Learn Python the hard way

Python is one of the most popular languages out there – more popular than Matlab by a factor of at least 10 – and it’s the language the vast majority people transitioning from Matlab will choose. There’s two basic strategies you can apply here:

  • Transfer learning (aka the easy way). You have things in Matlab you use every day – array operations, plotting, signal processing, etc. You learn to do the same thing in Python, perhaps with the aid of a cheatsheet. A lot of the Python data science API (numpy, scipy and matplotlib in particular) are very similar to Matlab. They were originally built to replicate functionality in Matlab. With this route, you’ll get moderately productive very fast.
  • Starting from scratch (aka the hard way). Learn the syntax, then do something you couldn’t do in Matlab, for example:
    • Learn algorithms and data structures
    • Make a GUI application (e.g. in PyQT)
    • Make a game
    • Make a dynamic website

My slightly controversial opinion is you’re better off starting from scratch. If you use the transfer learning method you will be less productive than you currently are for a long time. You will feel annoyed at your own incompetence ("why am I doing this to myself? I could do the same thing twice as fast!"). Furthermore, you will have a tendency of doing things the Matlab way (using matrices for everything, index chaining, avoiding for loops) that are error-prone and you shouldn’t be doing in a general purpose programming language.

By starting from scratch you will learn new things you couldn’t do before at all – you will feel like you have new powers. You can write a GUI! You can make dynamic visualizations! You can make games! You can do deep learning! Your day-to-day productivity won’t suffer because you’ll be learning new skills instead of relearning old ones poorly. You’ll end up being more productive in Python than you ever were in Matlab. You’ll write idiomatic code.

How long will it take to learn Python?

500 hours. Ok, that number is made up, but it’s probably not far from the truth. You can learn the syntax in a weekend. You can make your first significant project in a few days. However, proficiency comes with time. Don’t wait until 3 weeks before a technical interview to start learning. I’ve seen candidates do this, it’s not good. You’re better off asking for an interview in Matlab if you don’t have hundreds of hours of Python under your belt. Start today, keep at it every day (1-2 hours a day will suffice) and it will pay off.

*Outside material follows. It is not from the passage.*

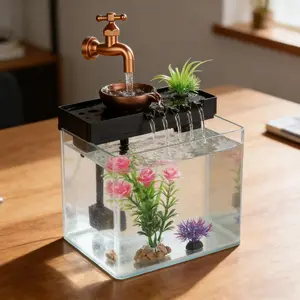 Creative Waterfall Fish Tank, Desktop Ecological Aquarium, Small Home Aquatic Tank, Zen Tea Room Lucky Decoration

Why is Python so popular anyway?

Yoshua Bengio. Again, I’m halfway joking, but one of the biggest reasons people have moved away from Matlab was the adoption of Python for deep learning. It started with Theano, which came out of Bengio’s lab. It built on numpy, scipy, sklearn and jupyter, all of which predated the rise of deep learning. Then came Tensorflow. People at Google were already using Python; Guido van Rossum, creator of Python, was famously employed by Google at one point. Google needed a high-level language to iterate quickly on models; many of the people involved in Theano were involved in Tensorflow. Python made sense.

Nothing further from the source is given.